The Zombie Apocalypse ain’t got nothin’ on this nor’easter aftermath

I came home last night to a warm, illuminated house. Not a rarity, normally, unless you have become a resident of the state of Connecticut in the last three months.

I didn’t have power for the better part of four days — and I’m one of the lucky ones who got it back before the week is out. I have guilt about this. They’re forecasting a restore time of Sunday at 11:59 p.m. for the majority of the Farmington Valley (where I live),  capital Hartford and its glamorous offshoot, West Hartford.  Heaven help Connecticut Light and Power if they go even a second beyond that. Tempers around here are hair-trigger, and I don’t blame people.
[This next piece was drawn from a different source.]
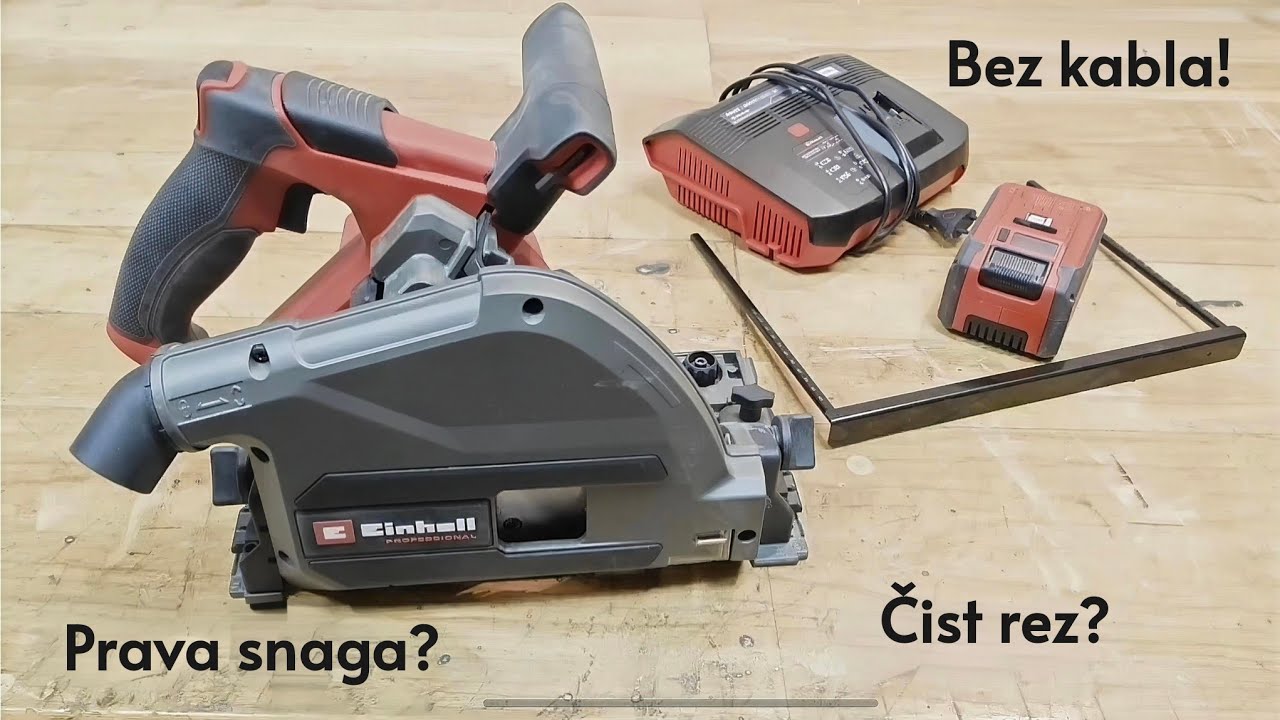 Einhell TP-PS 18 /165 Li BL baterijski potapajući cirkular #einhell #circularsaw #tracksaw 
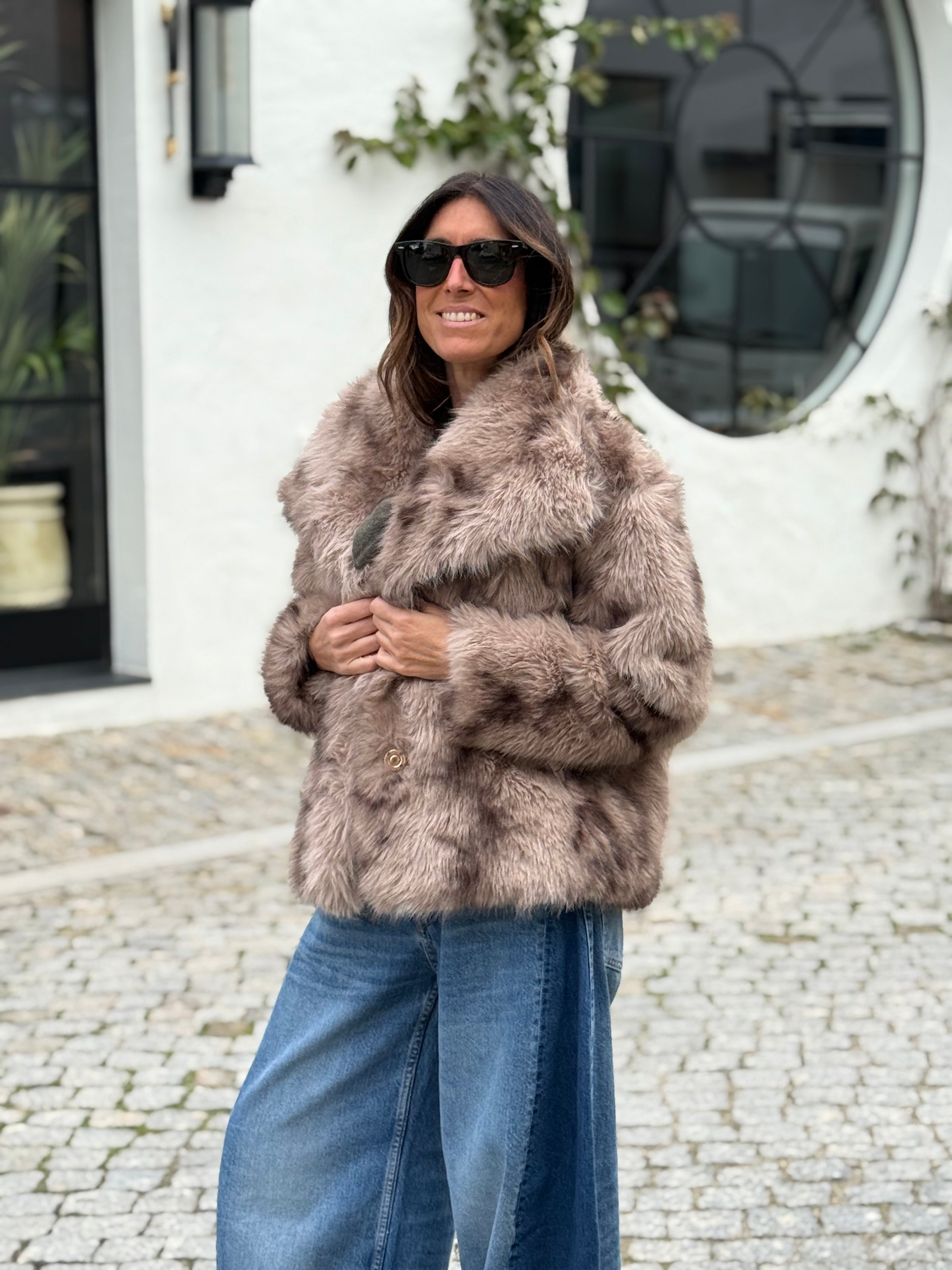 Casaco de Pêlo Camel | Liv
Even as I’m typing this, I don’t know how my little hippie ‘burg got so lucky to get power back. I’m working a semi-late night shift at ESPN, one that sees me getting home around 11:30 p.m. For the last few days, it’s been a ridiculous drive home, as there are no stop lights working and I don’t have the best memory of where they should be. Since the Valley is composed entirely of tree-lined two-lane state routes and not highways, there are no other alternatives to getting home. And people drive fast — myself included — so I’ve found myself doing the ol’ “Okie Roll” through the absent stop lights, when I see them. Often I don’t see the stop spots until after it’s too late… Sorry, Connecticut!

There’s nothing spookier than driving home in pitch blackness, except my drive home from ESPN during the nor’easter itself on Saturday — but that’s another story.  Suffice it say my knuckles have never been whiter, and Garrison Keilor’s voice more welcome. That calming man got me home. Back to last night — I was so surprised when I pulled up into my little town of Collinsville to see it not only lighted, but kinda bustling. We don’t have a convenience store (C’MON QuikTrip! I NEED YOU!) in our area, but we’ve got a semi-nightlife, oddly enough. I’m not complaining about the power being on, it’s just odd that we got it back before other, more populated, parts of the state.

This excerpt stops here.